In Canada, France, South Korea and other countries, girls have been outperforming boys in primary and secondary school — although women ultimately make less money in the job market.  In Sweden, researchers say their country is facing a pojkkrisen, or "boy crisis." In India, girls score higher marks than boys but their enrolment numbers end up dropping. In the United States, female undergraduates outnumber males by almost two to one. 

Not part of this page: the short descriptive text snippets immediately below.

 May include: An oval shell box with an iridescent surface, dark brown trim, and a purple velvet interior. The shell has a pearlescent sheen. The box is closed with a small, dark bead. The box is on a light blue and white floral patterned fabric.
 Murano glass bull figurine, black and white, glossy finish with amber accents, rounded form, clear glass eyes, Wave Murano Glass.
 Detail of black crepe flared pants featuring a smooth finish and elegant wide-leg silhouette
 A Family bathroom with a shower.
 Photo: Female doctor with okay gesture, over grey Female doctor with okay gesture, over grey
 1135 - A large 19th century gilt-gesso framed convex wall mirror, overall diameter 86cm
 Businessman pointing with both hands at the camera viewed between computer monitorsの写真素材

In this Saturday, March 10, 2018 photo, Michael Kimmel poses at his home in New York. Kimmel is a leader in what's known as "masculinities studies," and an in-demand purveyor of insight on why men are the way they are. The field he helped develop has long had men's misdeeds as an area of focus, but it's gained newfound exposure and relevance with #MeToo and #TimesUp. (AP Photo/Mary Altaffer)
Sociologist Michael Kimmel is a leader in what's known as 'masculinities studies', and created the first masculinity studies centre in North America. (Mary Altaffer/AP)

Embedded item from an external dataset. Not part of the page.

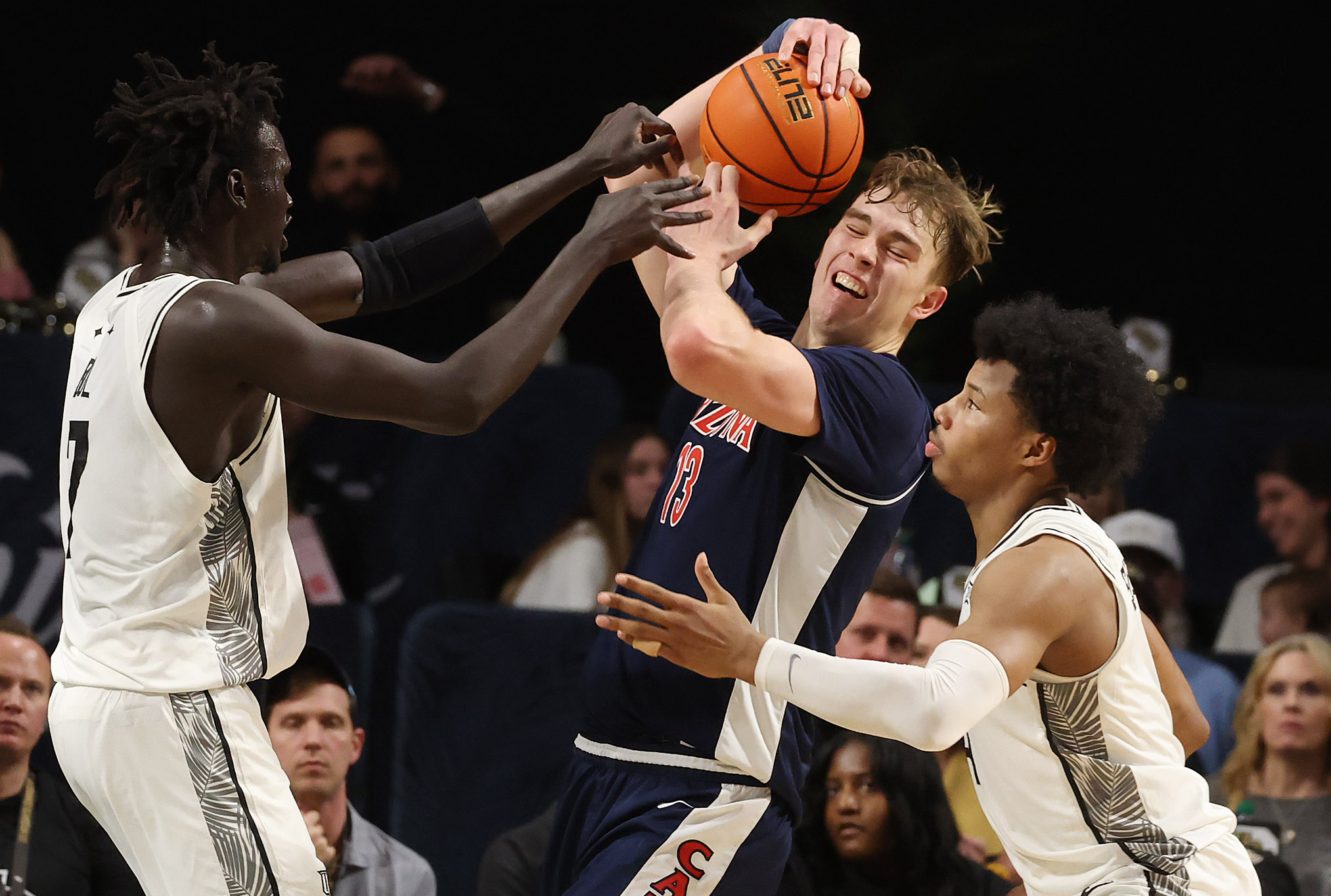 Arizona center Mo Krivas (13) fights for a rebound with...
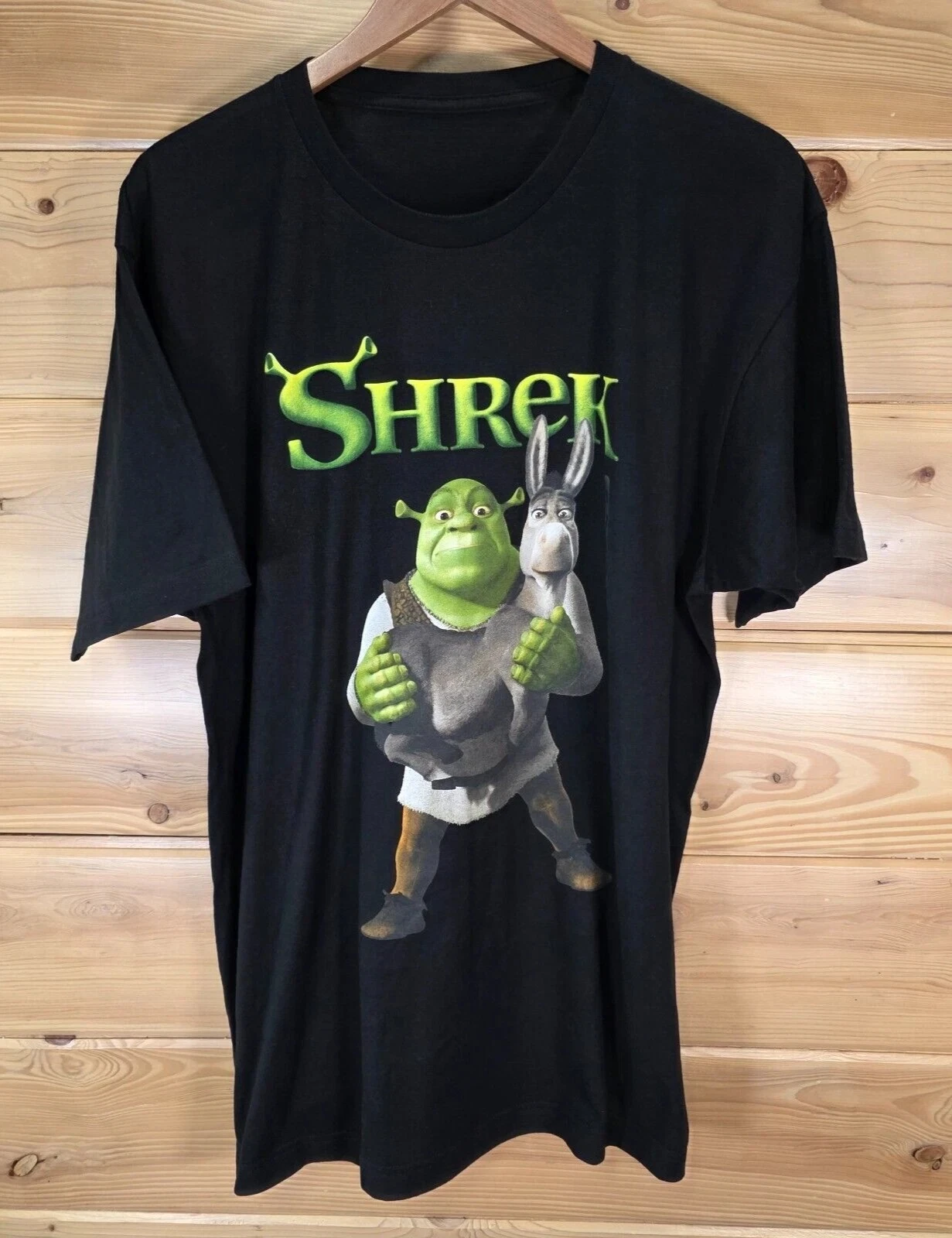 2025 ديزني شريك فيلم الترويجي تي شيرت الرجال حجم NWOT حمار Dreamworks للجنسين القطن قصير الأكمام شارع العليا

"The question for me," Kimmel asks, "is are men suffering because women are succeeding, or are they suffering because they've inherited an ideology of masculinity that no longer works for them in the way that it did for their grandfathers?" 

He says while the masculinity crisis has been ramping up in the 21st century, "the crisis runs much deeper and extends much further back in history."

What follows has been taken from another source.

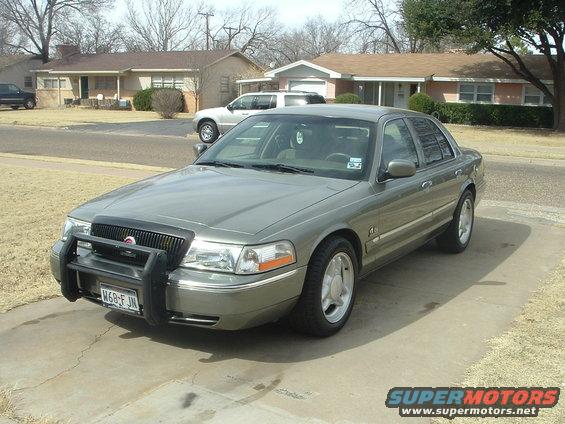 Gray 2003 Mercury Grand Marquis with push bar parked in driveway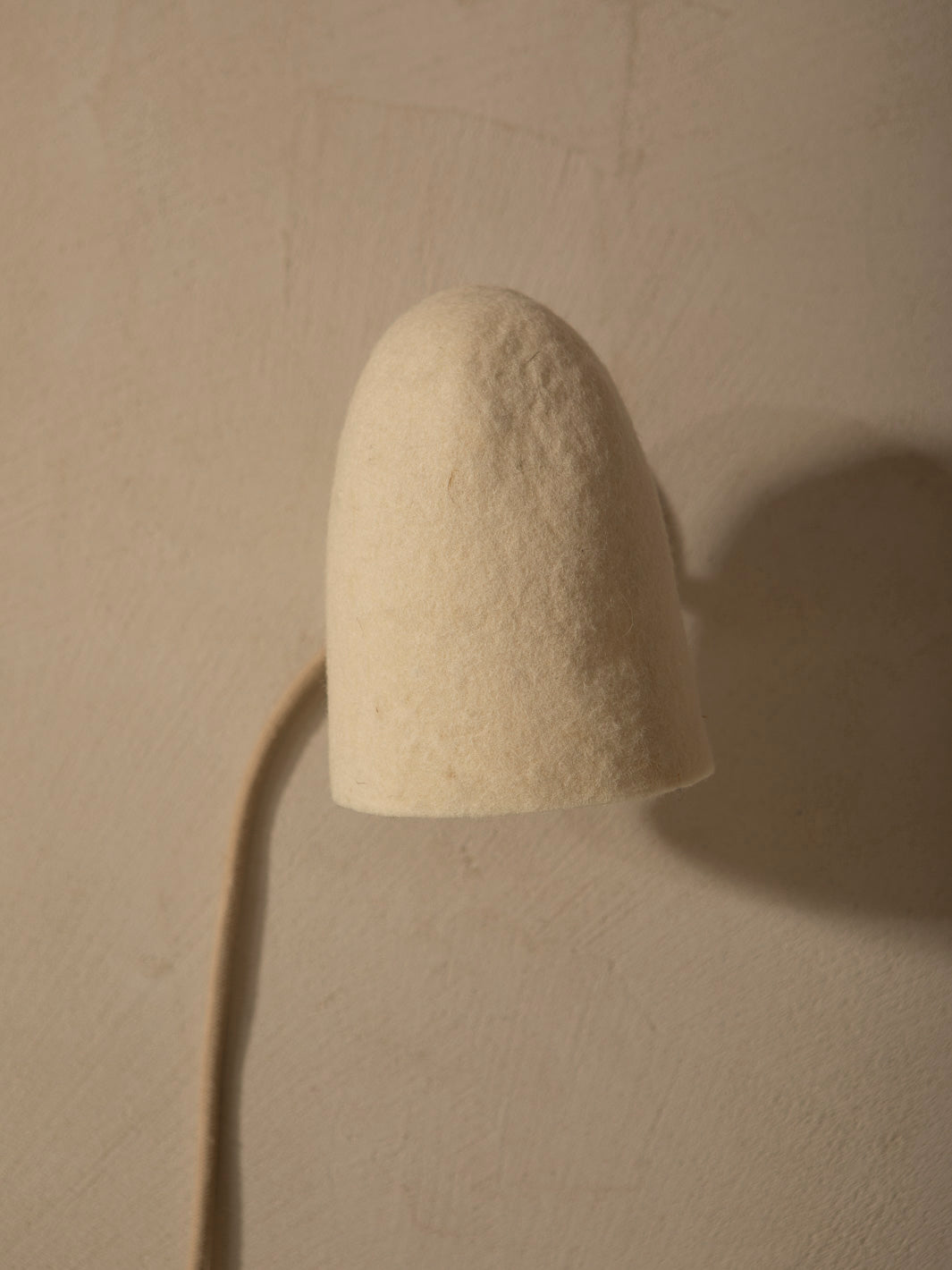 Felt lampshade wall sconce with stoneware basin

Ancient anxieties about being 'man enough'

The origins shaping masculinity go back 2,000 years, to ancient Greece, according to Simon Goldhill, the author of Love, Sex and Tragedy:  How the Ancient World Shapes Our Lives. 

"It's part of the pervasive imagery of masculinity because there was a huge cultural anxiety about not being a 'real' man. It's there — all through the Greek comedies and tragedies," Goldhill said.

The ancient world was preoccupied with gender, added Mary Beard, a Cambridge University classicist and cultural critic. It was obsessed with proving that men are "naturally more powerful" and that it "sees the duty of men as saving civilization from the rule of women." 

Beard says that in many ways, "the patriarchy has been doing this ever since." 

She points to the snake-haired Medusa as a "classic myth where the dominance of the male is violently reasserted against the illegitimate power of the woman."

circa 1810:  Perseus, the son of Zeus and Danae from Greek mythology holding the severed head of the Gorgon Medusa.   Sculpture by Antonio Canova  (Photo by Hulton Archive/Getty Images)
Perseus, the son of Zeus and Danae in Greek mythology holds the severed head of the Gorgon, Medusa. Sculpture by Antonio Canova. (Hulton Archive/Getty Images )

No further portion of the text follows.